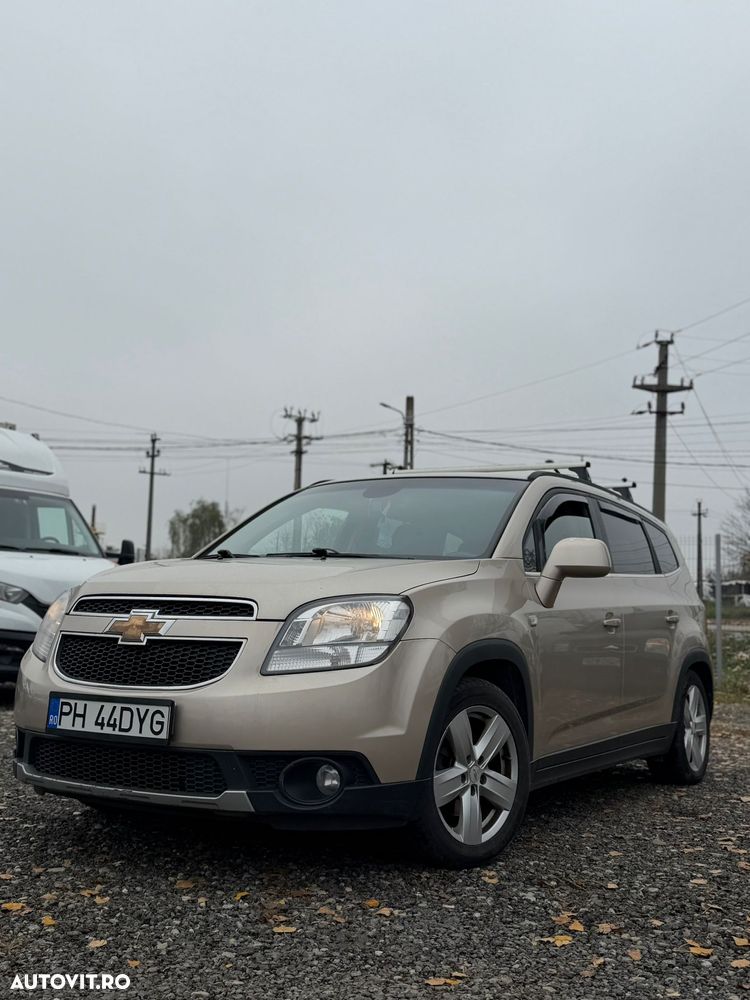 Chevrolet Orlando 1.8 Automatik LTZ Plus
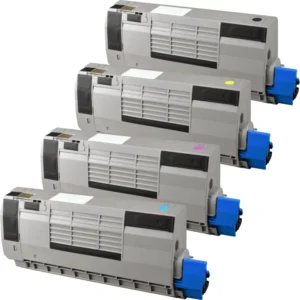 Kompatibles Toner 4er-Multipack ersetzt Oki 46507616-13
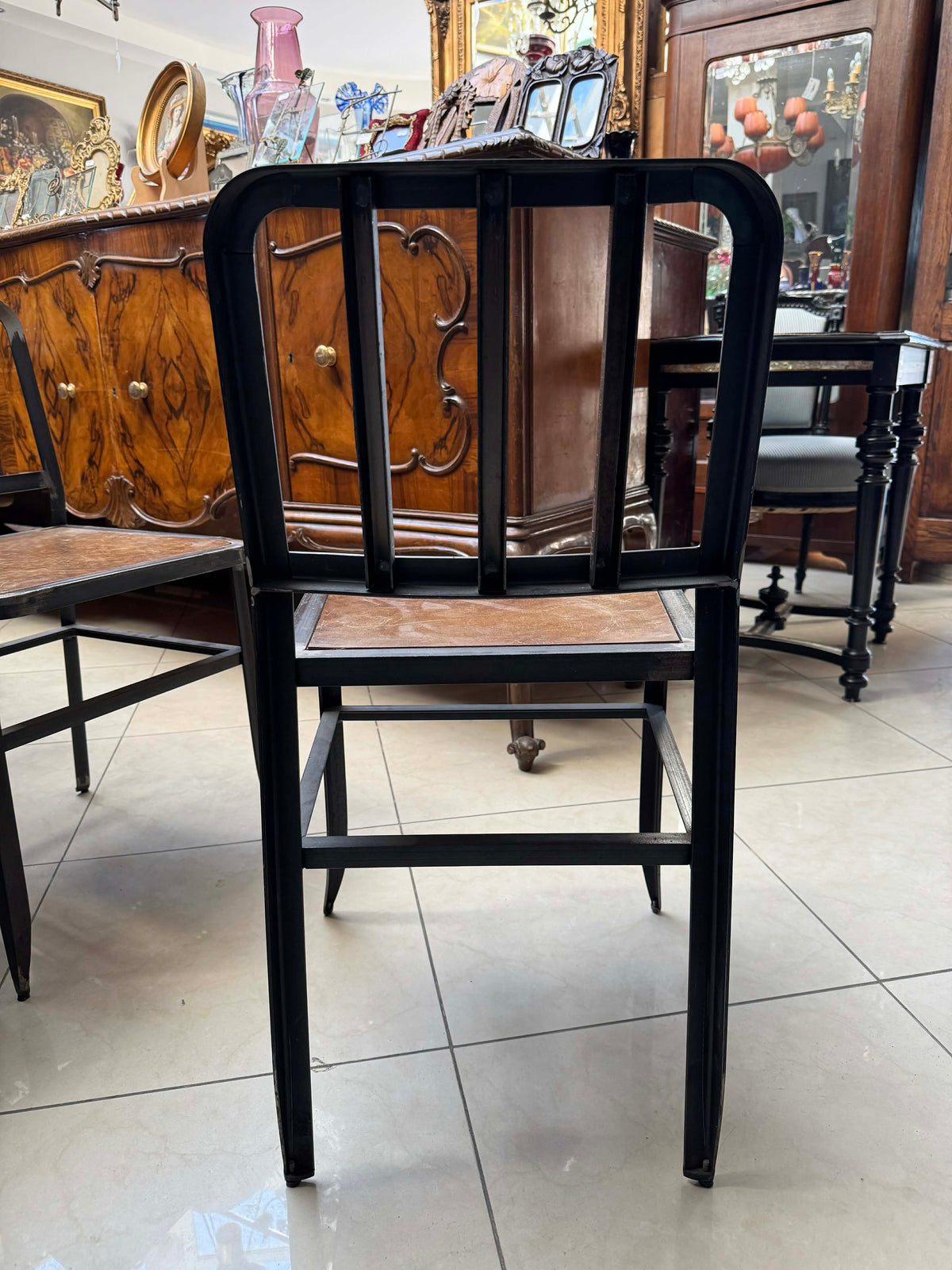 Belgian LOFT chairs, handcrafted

▬▬▬

§ **TASK INSTRUCTIONS**: Give back the full listing exactly as written, only without its pictures.

§ **TASK OUTPUT**:
 Chevrolet Orlando 1.8 Automatik LTZ Plus
 Kompatibles Toner 4er-Multipack ersetzt Oki 46507616-13
 Belgian LOFT chairs, handcrafted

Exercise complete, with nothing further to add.